* **WHAT YOU NEED TO DO**
For the data below, transcribe the part that opens with the line containing "For the second" and closes with the line containing "That's going to", exactly and with no pictures.
Start of SOURCE INFORMATION
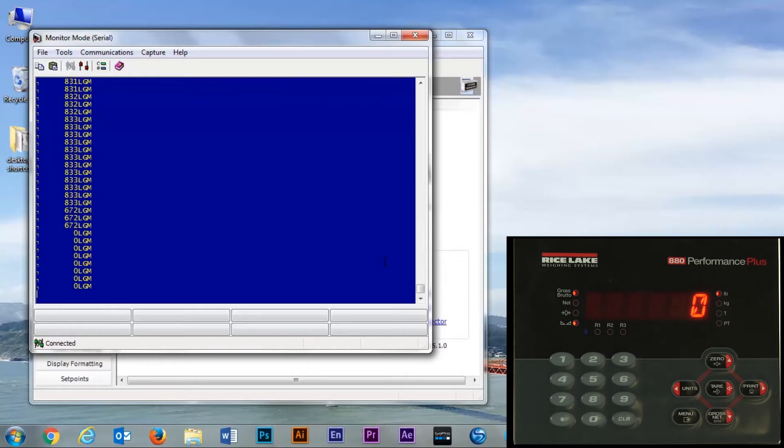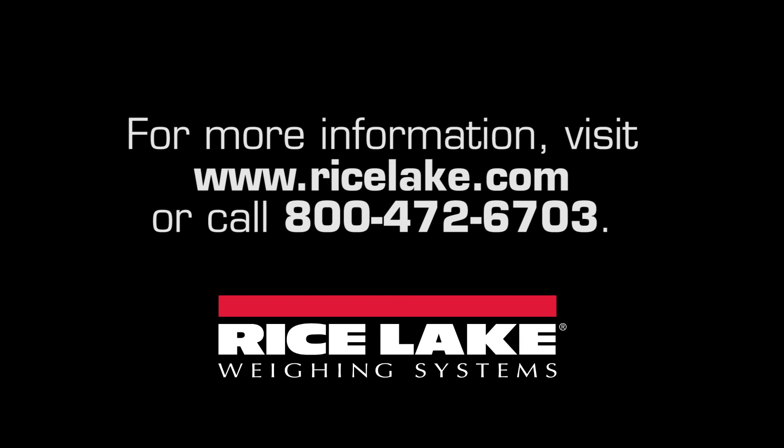We can scroll it back down. And there you are — a demonstration of how to set up streaming on the 880 indicator. Thank you for your time. We'll see you next time.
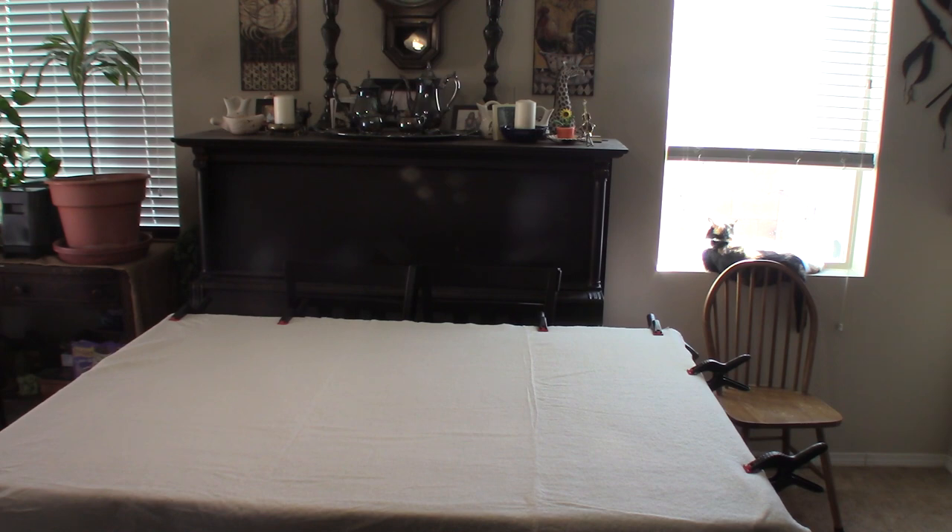Another tip I forgot to mention: if you noticed, I have a plastic tablecloth on my table — the kind that has a felt backing to it. You can flip that over and it will give your fabric a little more grip so it doesn't move around as much. So there is that little tip you can use.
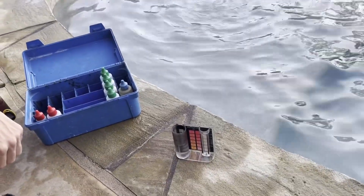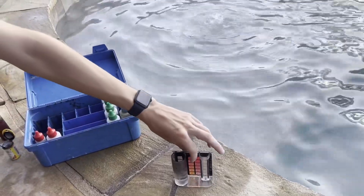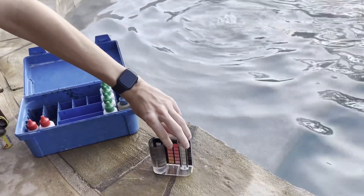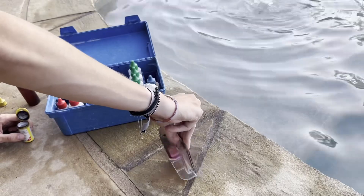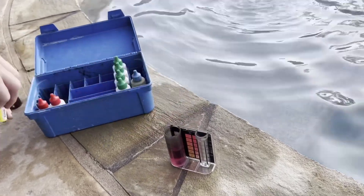For the second test, we're going to show you how accurate the DPD powder is. This is on the 0.2 scale, so you can see Jake has already got it filled to the 25 mark, which is right in the middle. He's going to put in the same amount of DPD powder. The test kit says two scoops, but we just do one giant heaping scoop, and that's usually about the same. So that turned the sample red, so we know there's chlorine.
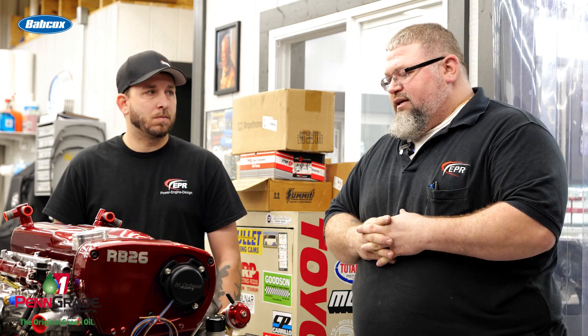We had fun building this one. It was pretty cool because there were a lot of parts that he had that didn't work that we ended up upgrading to make this thing a little more presentable. I think he'll be happy with this when he's all done.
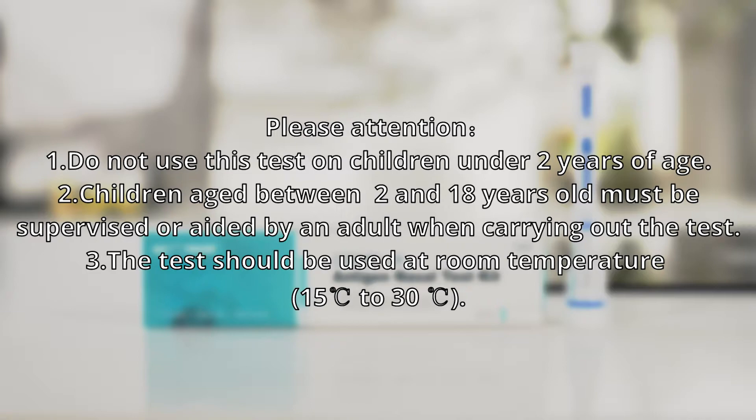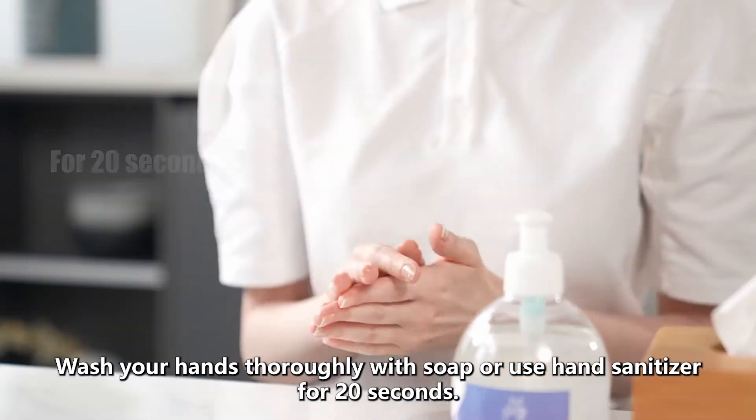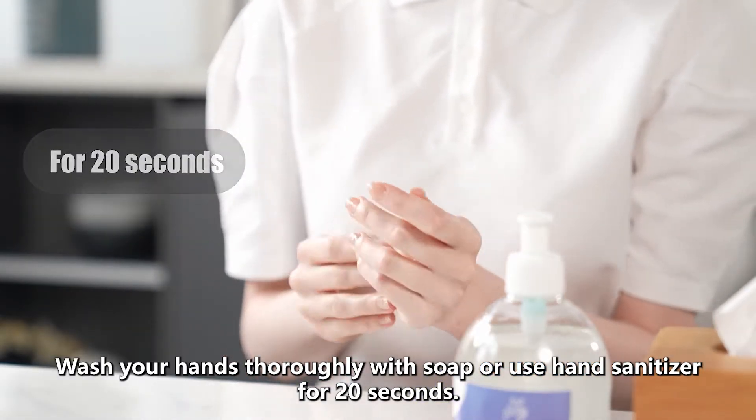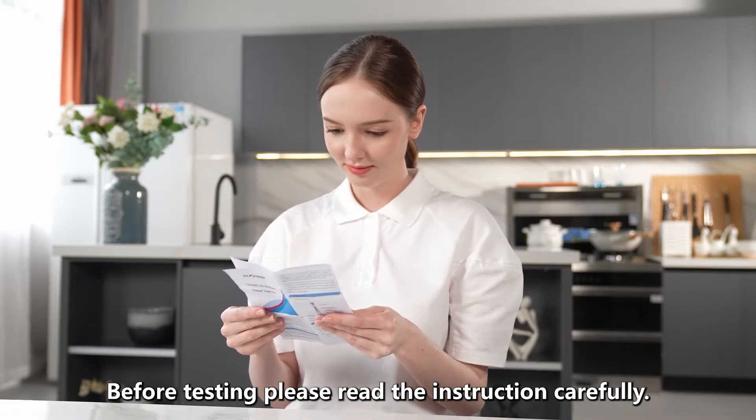3. The test should be used at room temperature, 15 degrees Celsius to 30 degrees Celsius. Wash your hands thoroughly with soap or use hand sanitizer for 20 seconds. Before testing, please read the instructions carefully.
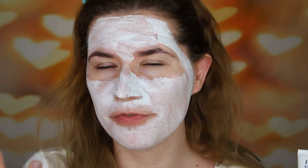If you're sensitive to strong scents, I don't think you're going to like this. But I like how it feels — very cooling, very fresh. Five minutes feels like forever when you have a face mask on. My nose is itching!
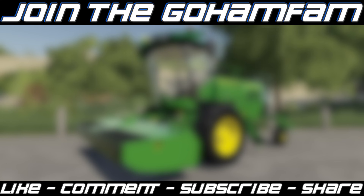That's going to be it for today. I hope you've enjoyed this video — if you did, make sure you drop a like on it, get subscribed if you're new, and join the Goham fam. Make sure you turn your notification bells on so you never miss daily Farming Simulator videos here on the channel. If you have any questions about this mower drop them down in the comment section below — all being said, hope you have a great day, we'll see you later.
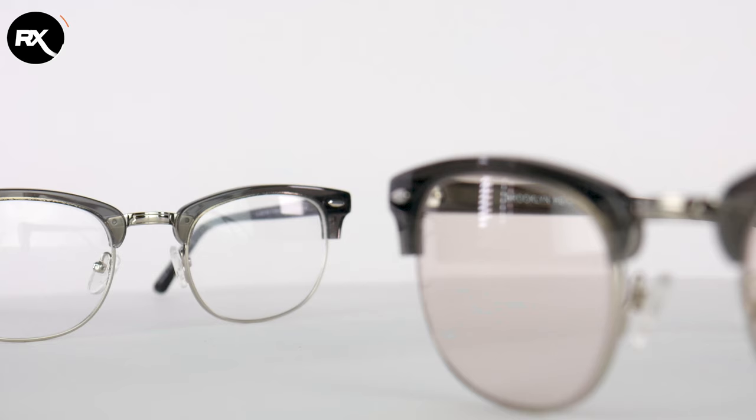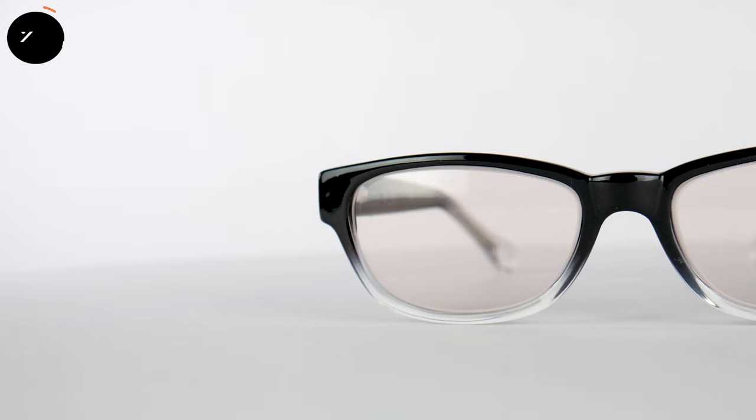Those are our glass reading glasses, but there's more — we also have these glasses in rose tinted lenses. Why would you get rose tinted lenses? Well, if you're working inside a lot behind a screen, you're working with blue light and you might get a lot of eye strain and eye fatigue from working behind the screen all day. The rose tinted lenses block the blue light, so you can get a lot less eye strain when you wear these.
End of SOURCE INFORMATION
* **YOUR SOLUTION**
For the second test, we're going to show you how accurate the DPD powder is. This is on the 0.2 scale, so you can see Jake has already got it filled to the 25 mark, which is right in the middle. He's going to put in the same amount of DPD powder. The test kit says two scoops, but we just do one giant heaping scoop, and that's usually about the same. So that turned the sample red, so we know there's chlorine.
We had fun building this one. It was pretty cool because there were a lot of parts that he had that didn't work that we ended up upgrading to make this thing a little more presentable. I think he'll be happy with this when he's all done.
3. The test should be used at room temperature, 15 degrees Celsius to 30 degrees Celsius. Wash your hands thoroughly with soap or use hand sanitizer for 20 seconds. Before testing, please read the instructions carefully.
If you're sensitive to strong scents, I don't think you're going to like this. But I like how it feels — very cooling, very fresh. Five minutes feels like forever when you have a face mask on. My nose is itching!
That's going to be it for today. I hope you've enjoyed this video — if you did, make sure you drop a like on it, get subscribed if you're new, and join the Goham fam. Make sure you turn your notification bells on so you never miss daily Farming Simulator videos here on the channel. If you have any questions about this mower drop them down in the comment section below — all being said, hope you have a great day, we'll see you later.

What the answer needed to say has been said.